When you need more power on the grid, you let that stored water fall thru a turbine and re-generate the power. In newer installations, the process is 80 percent efficient.
Concerns have been expressed about the availability of sites with access to upper and lower reservoirs, or the environmental impact of engineering those sites.
With abandoned mine shafts, those concerns go away. In fact, there are literally thousands of abandoned mine around North America that are actually environmental nuisances that could be remediated as pumped storage facilities, using upper chambers for storage, lower chambers for generators/pumps.
I’ve talked about this in relation to coal mine shafts in Indiana, with Dr. Peter Schubert, below.
In Northern Michigan’s Iron and Copper country, Dr. Roman Sedortsov is looking at the same concept. One huge advantage is that these sites are already permitted, and generally have grid transmission, and even roads and rail, already installed.
Impacts on surface are minimal to actually positive, and huge opportunities to revive small communities in some of our most beautiful countrysides.

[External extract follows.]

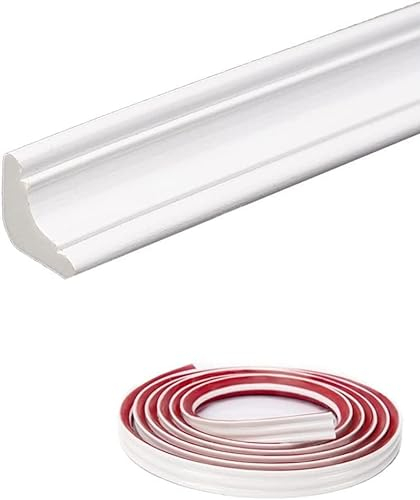 6M PVC Quadrant Trim,Flexible Laminate Beading Self Adhesive Plastic Wall Corner Edging Strip for Worktop Ceiling Floor,Caulk Moulding Skirting Board Trim(27mm*17mm)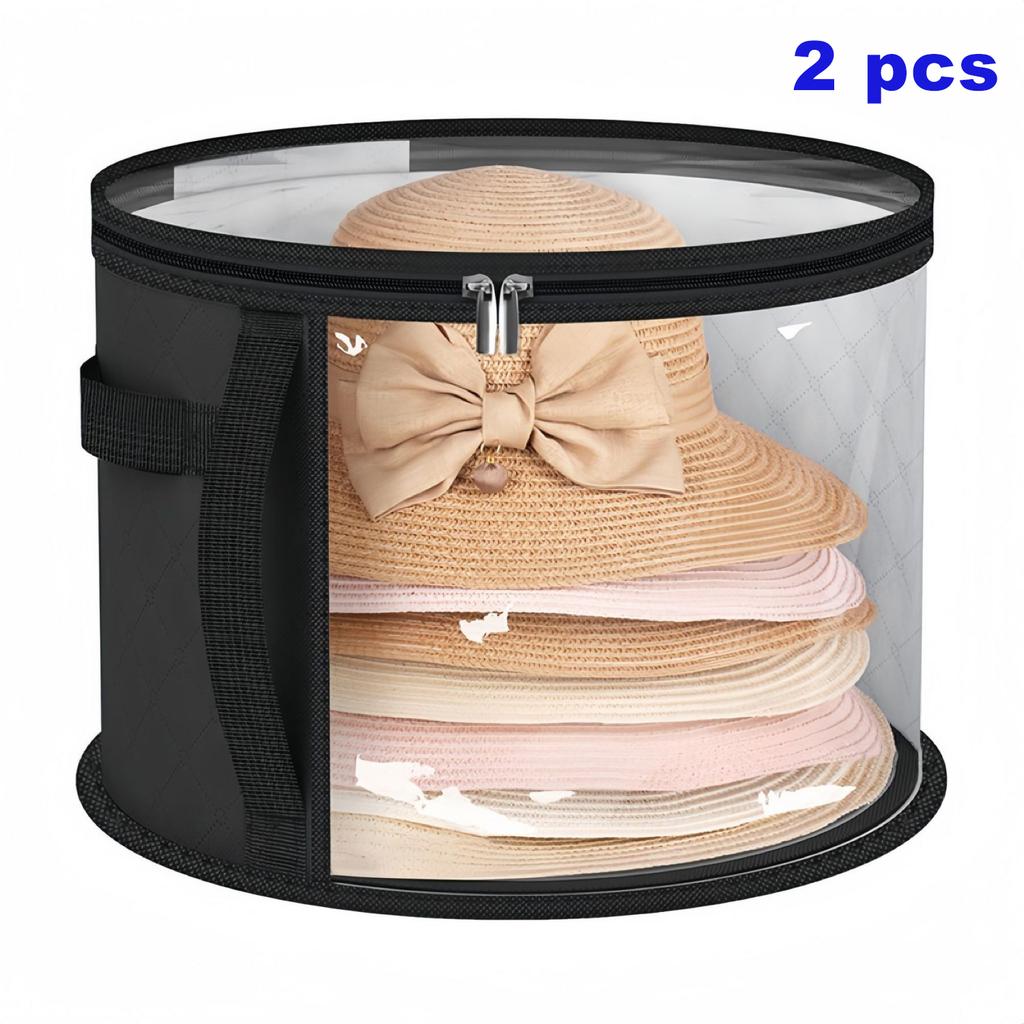 Hat Storage Bucket, Clothing Hat Travel Organizer, Foldable Round Brim Hat Storage Bag with Handle and Clear Window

Michigan Technological University:

Researchers say it’s time to write a new chapter in mining history — a story that honors heritage, mitigates hazards and creates stable power grids that benefit host communities.

Pumped hydroelectric storage isn’t new. Putting closed-loop systems in old mines is. A new comprehensive initiative finds the power in heritage, slaying two grand challenges with a single elegant solution.

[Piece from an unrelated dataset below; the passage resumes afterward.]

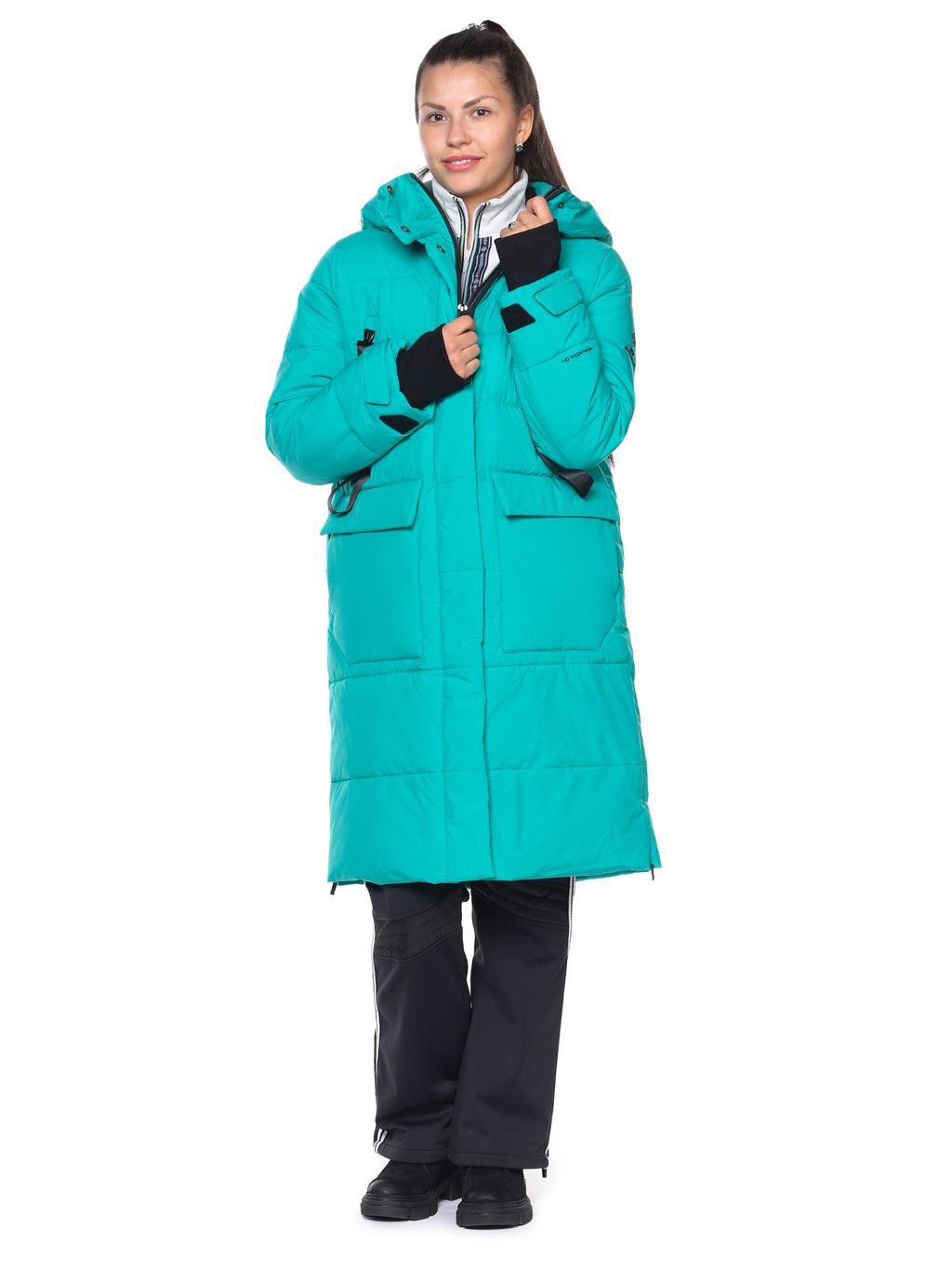 Пальто B-8872 Бирюзовый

Researchers in Michigan Technological University’s Keweenaw Energy Transition Lab answer the urgent need for reliable energy grids with PUSH, or pumped underground storage hydro, a global-first closed-loop underground energy storage system that other countries are exploring to help solve the problems of abandoned mines and reliance on fossil energy. 

The Russian invasion of Ukraine launched in early 2022 brings the energy picture into even sharper focus, said Sidortsov — especially the world’s dependence on fossil fuels delivered at the whims of undependable suppliers.

“This future is only possible with sufficient electricity storage, which PUSH can help to provide. Yet the lessons do not end there,” he said. “This war exposed the inadequacy of many energy conceptions that have been dominant since the 1970s. How to measure energy security, resilience and value of energy systems in the national and local context — all these questions need to be rethought. Let’s take energy security, for example, which is typically defined by the availability and affordability of an energy commodity like oil or natural gas. Yet people do not necessarily need oil or natural gas — what they need is to warm or cool their houses, get from home to work and charge their gadgets.” Or to paraphrase renowned energy policy thought leader Amory Lovins, people don’t want kilowatt-hours — they want hot showers and cold beer.

Sidortsov said the system he and his team studied can be designed to sell the stored electricity on a market while also meeting the host community’s needs, creating a resilient, stable energy source.

“Moving away from the fossil fuel-powered world where the most questionable political regimes play a central role and toward a more distributed, clean and mostly electricity-powered future is one of the main lessons of this senseless and bloody war.”Roman Sidortsov, PUSH team leader, energy policy expert

Researchers identified roughly a thousand PUSH-suitable sites in 15 states, then further grouped them based on factors including proximity to existing solar and wind power generation facilities, solar and wind resources, major load centers, and transmission and distribution infrastructure. Although the researchers used the single most comprehensive mines database available, it lacked data for many states with a history of mining. This study is just a start, they say; there are more mines to identify, more electricity markets to analyze and more legal and social factors to evaluate. 

Sidortsov quotes Swedish colleagues from Mine Storage who say, “‘The world is like Swiss cheese. It’s full of mines.’ We can solve this problem with something we already have. We’re talking about energy security at multiple levels.”

Expanding the initiative could hold promise for hundreds of other U.S. and global communities. 

One thought on “More on Energy Storage in Abandoned Mine Shafts – Roman Sedortsov PhD”


  1. A mine is the result of chasing a substance through the earth, with no other goal in its design.

    Testing a mine for suitability (e.g., will the water drain out through porous layers, will it induce fractures) sounds expensive.

    At least with surface pumped-hydro, the reservoirs are designed from the get-go.